Ludzie w klatkach. Zatrzymano pół tysiąca przemytników, ale nie w Europie

Plantacja oleju palmowego w Indonezji. Zdjęcie ilustracyjne. / foto: Wikipedia, Achmad Rabin Taim, CC BY 2.0
Plantacja oleju palmowego w Indonezji. Zdjęcie ilustracyjne. / foto: Wikipedia, Achmad Rabin Taim, CC BY 2.0
REKLAMA

To w Indonezji aresztowano prawie 500 osób podejrzanych o „handel ludźmi”. Indonezyjska policja przeprowadziła w czerwcu wielką akcję, próbując rozprawić się z plagą przemycania ludzi.

Poinformowano, że siły bezpieczeństwa uwolniły 1553 ofiar przemytników w ciągu ostatnich dwóch tygodni i udaremniły wywiezienie ich z kraju. Poinformował o tym rzecznik policji Ahmad Ramadhan. Od 5 do 18 czerwca policja aresztowała też 494 podejrzanych, ale nadal poszukiwanych jest pięciu głównych liderów sieci przemytnicznj.

REKLAMA

Indonezja jest jednym z głównych krajów, który dostarcza migrantów z Azji Południowo-Wschodniej.

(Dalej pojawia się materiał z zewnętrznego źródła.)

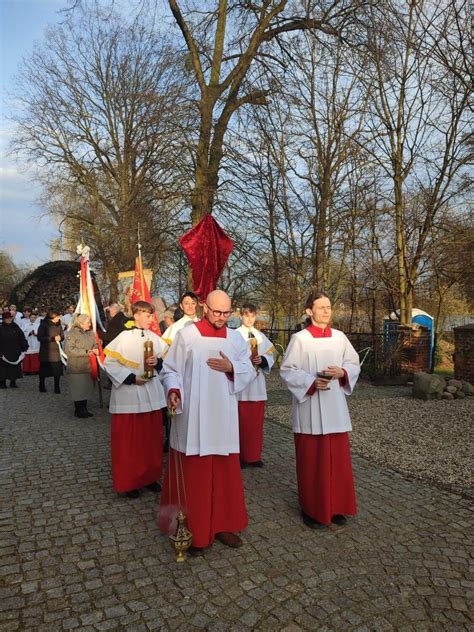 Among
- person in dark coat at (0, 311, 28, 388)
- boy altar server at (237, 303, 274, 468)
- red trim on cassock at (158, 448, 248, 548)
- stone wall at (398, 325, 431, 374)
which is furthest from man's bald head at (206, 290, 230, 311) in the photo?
person in dark coat at (0, 311, 28, 388)

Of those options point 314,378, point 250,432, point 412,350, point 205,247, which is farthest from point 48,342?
point 314,378

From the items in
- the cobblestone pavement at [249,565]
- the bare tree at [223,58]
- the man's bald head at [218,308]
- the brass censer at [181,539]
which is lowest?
the cobblestone pavement at [249,565]

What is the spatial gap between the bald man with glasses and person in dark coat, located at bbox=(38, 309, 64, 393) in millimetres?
9010

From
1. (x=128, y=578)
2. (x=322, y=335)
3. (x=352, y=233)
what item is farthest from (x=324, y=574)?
(x=352, y=233)

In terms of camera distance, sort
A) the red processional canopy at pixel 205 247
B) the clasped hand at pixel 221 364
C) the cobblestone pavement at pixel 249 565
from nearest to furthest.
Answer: the cobblestone pavement at pixel 249 565, the clasped hand at pixel 221 364, the red processional canopy at pixel 205 247

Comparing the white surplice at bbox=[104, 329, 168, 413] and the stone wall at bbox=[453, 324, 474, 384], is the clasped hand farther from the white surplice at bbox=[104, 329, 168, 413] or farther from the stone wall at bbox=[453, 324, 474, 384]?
the stone wall at bbox=[453, 324, 474, 384]

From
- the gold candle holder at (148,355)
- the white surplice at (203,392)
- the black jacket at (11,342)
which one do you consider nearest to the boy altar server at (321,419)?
the white surplice at (203,392)

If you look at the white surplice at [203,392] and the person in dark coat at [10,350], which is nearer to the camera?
the white surplice at [203,392]

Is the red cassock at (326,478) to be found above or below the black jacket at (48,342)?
below

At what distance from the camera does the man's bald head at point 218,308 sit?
13.7 ft

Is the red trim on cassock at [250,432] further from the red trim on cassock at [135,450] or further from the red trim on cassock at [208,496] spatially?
the red trim on cassock at [208,496]

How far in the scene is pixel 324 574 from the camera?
367cm

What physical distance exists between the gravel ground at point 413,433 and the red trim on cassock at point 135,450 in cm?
279

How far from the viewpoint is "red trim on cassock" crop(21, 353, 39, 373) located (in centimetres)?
1616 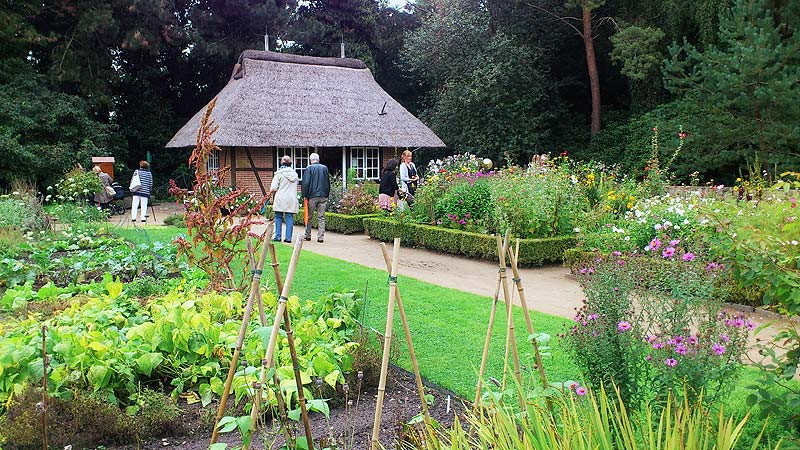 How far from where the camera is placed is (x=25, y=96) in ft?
66.9

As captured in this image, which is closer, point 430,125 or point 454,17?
point 454,17

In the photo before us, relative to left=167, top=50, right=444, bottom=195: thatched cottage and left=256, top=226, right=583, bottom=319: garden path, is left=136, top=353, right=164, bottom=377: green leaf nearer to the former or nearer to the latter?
left=256, top=226, right=583, bottom=319: garden path

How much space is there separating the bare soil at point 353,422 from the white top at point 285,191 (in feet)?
24.9

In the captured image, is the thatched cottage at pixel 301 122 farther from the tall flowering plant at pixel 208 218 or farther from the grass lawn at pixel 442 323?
the tall flowering plant at pixel 208 218

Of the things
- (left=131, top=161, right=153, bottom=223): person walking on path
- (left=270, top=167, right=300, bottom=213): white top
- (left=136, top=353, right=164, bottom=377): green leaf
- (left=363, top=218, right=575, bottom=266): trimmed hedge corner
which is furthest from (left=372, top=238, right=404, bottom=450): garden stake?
(left=131, top=161, right=153, bottom=223): person walking on path

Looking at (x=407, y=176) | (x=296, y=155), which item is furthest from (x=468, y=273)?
(x=296, y=155)

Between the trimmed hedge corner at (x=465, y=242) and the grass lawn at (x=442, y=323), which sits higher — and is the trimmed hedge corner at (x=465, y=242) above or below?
above

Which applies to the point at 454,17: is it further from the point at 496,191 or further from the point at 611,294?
the point at 611,294

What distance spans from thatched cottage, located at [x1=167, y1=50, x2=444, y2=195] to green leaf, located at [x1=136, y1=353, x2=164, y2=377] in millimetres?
15129

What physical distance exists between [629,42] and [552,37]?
394 centimetres

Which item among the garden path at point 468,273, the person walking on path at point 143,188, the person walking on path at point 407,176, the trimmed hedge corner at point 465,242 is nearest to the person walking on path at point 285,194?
the garden path at point 468,273

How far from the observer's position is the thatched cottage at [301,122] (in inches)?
760

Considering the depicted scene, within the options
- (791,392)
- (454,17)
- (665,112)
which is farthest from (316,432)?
(454,17)

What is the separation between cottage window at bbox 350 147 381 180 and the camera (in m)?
21.1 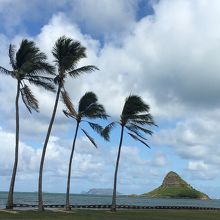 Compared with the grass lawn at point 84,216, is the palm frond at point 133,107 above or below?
above

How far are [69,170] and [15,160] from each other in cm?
892

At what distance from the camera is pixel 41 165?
4566 centimetres

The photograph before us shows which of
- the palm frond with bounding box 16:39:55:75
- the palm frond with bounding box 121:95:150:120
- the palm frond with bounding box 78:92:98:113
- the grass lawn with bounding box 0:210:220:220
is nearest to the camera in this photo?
the grass lawn with bounding box 0:210:220:220

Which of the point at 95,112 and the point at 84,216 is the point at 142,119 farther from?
the point at 84,216

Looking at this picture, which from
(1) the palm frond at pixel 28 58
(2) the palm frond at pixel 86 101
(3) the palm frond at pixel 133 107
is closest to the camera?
(1) the palm frond at pixel 28 58

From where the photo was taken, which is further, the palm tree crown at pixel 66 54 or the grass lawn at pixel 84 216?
the palm tree crown at pixel 66 54

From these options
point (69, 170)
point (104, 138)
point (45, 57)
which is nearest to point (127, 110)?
point (104, 138)

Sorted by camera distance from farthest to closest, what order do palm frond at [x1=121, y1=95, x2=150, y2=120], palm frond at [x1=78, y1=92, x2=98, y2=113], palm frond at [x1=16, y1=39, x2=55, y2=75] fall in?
palm frond at [x1=121, y1=95, x2=150, y2=120] < palm frond at [x1=78, y1=92, x2=98, y2=113] < palm frond at [x1=16, y1=39, x2=55, y2=75]

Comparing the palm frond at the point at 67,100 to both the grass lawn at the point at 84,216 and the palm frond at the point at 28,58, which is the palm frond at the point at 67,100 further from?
the grass lawn at the point at 84,216

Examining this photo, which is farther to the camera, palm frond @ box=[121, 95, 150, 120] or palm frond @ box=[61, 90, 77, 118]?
palm frond @ box=[121, 95, 150, 120]

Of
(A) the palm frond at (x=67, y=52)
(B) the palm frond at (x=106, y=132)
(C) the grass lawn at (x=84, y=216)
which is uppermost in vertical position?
(A) the palm frond at (x=67, y=52)

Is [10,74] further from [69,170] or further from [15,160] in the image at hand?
[69,170]

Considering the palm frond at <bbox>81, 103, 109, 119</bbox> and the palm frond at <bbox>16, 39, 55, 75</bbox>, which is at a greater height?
the palm frond at <bbox>16, 39, 55, 75</bbox>

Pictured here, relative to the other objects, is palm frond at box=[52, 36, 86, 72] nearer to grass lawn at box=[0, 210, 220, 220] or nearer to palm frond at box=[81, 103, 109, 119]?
palm frond at box=[81, 103, 109, 119] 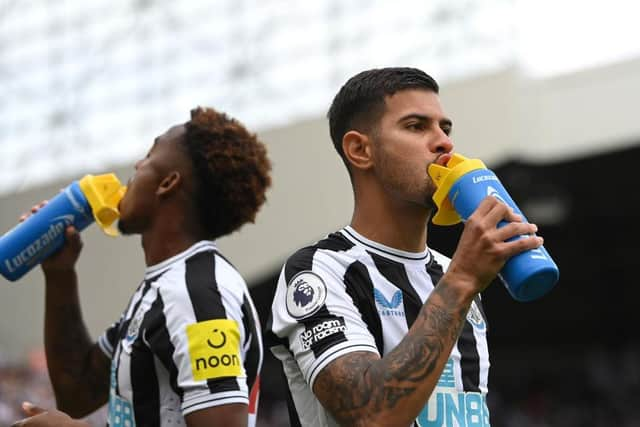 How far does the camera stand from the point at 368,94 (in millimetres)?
2658

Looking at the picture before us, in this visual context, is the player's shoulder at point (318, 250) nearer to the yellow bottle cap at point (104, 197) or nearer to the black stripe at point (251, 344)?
the black stripe at point (251, 344)

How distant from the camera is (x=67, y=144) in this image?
23516 mm

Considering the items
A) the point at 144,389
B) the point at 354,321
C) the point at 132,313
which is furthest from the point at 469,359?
the point at 132,313

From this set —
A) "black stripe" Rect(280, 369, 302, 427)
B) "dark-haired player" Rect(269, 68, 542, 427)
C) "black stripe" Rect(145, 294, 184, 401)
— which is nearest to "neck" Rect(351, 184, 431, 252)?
"dark-haired player" Rect(269, 68, 542, 427)

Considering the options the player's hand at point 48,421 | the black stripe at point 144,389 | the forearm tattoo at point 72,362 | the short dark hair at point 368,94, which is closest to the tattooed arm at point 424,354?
the short dark hair at point 368,94

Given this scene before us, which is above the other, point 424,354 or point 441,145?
point 441,145

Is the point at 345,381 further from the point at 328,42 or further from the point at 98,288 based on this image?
the point at 328,42

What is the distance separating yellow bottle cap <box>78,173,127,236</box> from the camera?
11.3ft

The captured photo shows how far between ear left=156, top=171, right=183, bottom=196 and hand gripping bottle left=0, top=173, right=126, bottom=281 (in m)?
0.20

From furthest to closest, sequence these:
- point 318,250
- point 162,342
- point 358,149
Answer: point 162,342
point 358,149
point 318,250

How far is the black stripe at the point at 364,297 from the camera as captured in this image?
8.01 ft

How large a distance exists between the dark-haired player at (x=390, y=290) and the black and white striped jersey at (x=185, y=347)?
1.26 ft

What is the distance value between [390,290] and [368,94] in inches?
21.5

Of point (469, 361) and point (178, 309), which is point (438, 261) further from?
point (178, 309) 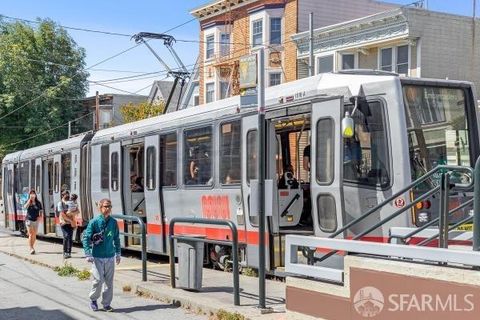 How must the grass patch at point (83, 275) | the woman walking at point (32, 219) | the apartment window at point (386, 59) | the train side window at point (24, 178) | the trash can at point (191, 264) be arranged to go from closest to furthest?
the trash can at point (191, 264), the grass patch at point (83, 275), the woman walking at point (32, 219), the train side window at point (24, 178), the apartment window at point (386, 59)

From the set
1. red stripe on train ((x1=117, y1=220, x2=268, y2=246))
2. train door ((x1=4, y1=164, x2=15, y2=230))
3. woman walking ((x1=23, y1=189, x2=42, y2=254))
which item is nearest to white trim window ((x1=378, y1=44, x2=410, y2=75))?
red stripe on train ((x1=117, y1=220, x2=268, y2=246))

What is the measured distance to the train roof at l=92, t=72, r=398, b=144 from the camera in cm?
930

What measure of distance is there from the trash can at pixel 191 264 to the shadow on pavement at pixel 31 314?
74.3 inches

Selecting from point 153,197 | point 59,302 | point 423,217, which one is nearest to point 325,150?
point 423,217

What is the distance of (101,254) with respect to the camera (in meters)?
9.35

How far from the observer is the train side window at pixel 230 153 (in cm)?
1121

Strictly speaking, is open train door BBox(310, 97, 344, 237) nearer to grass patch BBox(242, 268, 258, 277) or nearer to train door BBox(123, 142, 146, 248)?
grass patch BBox(242, 268, 258, 277)

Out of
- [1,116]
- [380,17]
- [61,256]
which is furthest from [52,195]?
[1,116]

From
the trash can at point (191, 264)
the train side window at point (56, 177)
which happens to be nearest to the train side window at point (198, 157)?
the trash can at point (191, 264)

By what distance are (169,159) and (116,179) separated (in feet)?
10.1

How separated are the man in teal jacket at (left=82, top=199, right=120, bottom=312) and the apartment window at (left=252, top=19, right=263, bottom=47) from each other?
75.2 ft

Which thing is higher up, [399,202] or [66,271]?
[399,202]

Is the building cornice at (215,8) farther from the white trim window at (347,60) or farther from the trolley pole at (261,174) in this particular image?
the trolley pole at (261,174)

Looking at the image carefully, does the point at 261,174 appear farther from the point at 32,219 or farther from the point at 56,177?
the point at 56,177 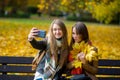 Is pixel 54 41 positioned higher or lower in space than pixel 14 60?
higher

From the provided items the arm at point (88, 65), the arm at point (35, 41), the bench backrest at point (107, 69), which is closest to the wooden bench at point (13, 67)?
the arm at point (35, 41)

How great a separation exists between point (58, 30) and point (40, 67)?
1.89ft

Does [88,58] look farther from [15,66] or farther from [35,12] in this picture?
[35,12]

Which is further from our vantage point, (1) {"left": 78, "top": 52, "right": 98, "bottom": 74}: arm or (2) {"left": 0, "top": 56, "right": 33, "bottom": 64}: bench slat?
(2) {"left": 0, "top": 56, "right": 33, "bottom": 64}: bench slat

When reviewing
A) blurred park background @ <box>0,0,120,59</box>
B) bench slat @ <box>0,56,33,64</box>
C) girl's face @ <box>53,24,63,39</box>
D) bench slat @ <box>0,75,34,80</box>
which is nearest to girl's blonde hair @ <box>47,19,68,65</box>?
girl's face @ <box>53,24,63,39</box>

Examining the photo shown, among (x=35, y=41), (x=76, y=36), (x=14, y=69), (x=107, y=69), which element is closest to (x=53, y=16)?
(x=107, y=69)

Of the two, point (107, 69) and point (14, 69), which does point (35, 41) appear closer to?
point (14, 69)

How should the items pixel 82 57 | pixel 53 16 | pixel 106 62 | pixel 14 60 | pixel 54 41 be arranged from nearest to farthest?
1. pixel 82 57
2. pixel 54 41
3. pixel 14 60
4. pixel 106 62
5. pixel 53 16

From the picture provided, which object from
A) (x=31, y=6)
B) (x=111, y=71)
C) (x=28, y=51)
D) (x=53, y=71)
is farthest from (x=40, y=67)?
(x=31, y=6)

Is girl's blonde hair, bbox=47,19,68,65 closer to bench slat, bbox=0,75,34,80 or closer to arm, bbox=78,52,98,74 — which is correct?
arm, bbox=78,52,98,74

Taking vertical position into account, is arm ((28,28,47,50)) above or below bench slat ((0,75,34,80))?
above

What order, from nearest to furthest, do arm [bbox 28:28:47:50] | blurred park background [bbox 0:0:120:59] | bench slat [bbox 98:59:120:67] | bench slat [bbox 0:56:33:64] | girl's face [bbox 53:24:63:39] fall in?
1. arm [bbox 28:28:47:50]
2. girl's face [bbox 53:24:63:39]
3. bench slat [bbox 0:56:33:64]
4. bench slat [bbox 98:59:120:67]
5. blurred park background [bbox 0:0:120:59]

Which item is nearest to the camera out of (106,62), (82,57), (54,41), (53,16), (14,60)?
(82,57)

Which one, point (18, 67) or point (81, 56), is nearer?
point (81, 56) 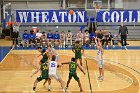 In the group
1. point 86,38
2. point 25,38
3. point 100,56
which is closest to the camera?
point 100,56

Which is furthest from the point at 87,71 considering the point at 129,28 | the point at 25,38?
the point at 129,28

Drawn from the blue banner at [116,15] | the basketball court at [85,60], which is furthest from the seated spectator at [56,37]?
the blue banner at [116,15]

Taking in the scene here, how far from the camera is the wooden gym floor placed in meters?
16.4

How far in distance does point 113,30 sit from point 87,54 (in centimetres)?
875

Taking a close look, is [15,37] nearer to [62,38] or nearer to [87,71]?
[62,38]

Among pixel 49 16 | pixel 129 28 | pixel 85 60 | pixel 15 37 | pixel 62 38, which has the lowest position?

Co roku setki tysięcy ludzi opuszcza archipelag, często nielegalnie, w poszukiwaniu lepiej płatnej pracy za granicą.

Policja utworzyła w czerwcu 2023 roku specjalną jednostkę zajmującą się „handlem ludźmi”, aby zintensyfikować walkę z „wykorzystywaniem Indonezyjczyków za granicą”. Media obiegły wcześniej drastyczne informacje o ich wykorzystywaniu.

Wśród ofiar wiele dzieci, wysyłanych za granicę w charakterze pomocy domowej, ale też sprzedawanych sieciom sutenerów celem uprawiania prostytucji. Organizacja Narodów Zjednoczonych szacuje, że każdego roku w Indonezji „sprzedaje się” do pracy przymusowej lub prostytucji od 100 000 do nawet miliona ludzi.

Władze Indonezji zobowiązały się do nasilenia ścigania handlarzy ludźmi oraz do repatriacji ofiar takiego handlu z innych krajów. W ubiegłym roku Indonezja repatriowała kilka tysięcy swoich rodaków m.in. z Birmy i Kambodży.

Handel ludźmi jest również wewnętrznym problemem Indonezji. Na plantacji oleju palmowego na Sumatrze Północnej w zeszłym roku znaleziono 57 osób w… klatkach. Byli tam przetrzymywani pod pretekstem „udziału w programie odwykowym” i zmuszani do pracy przymusowej w gospodarstwie.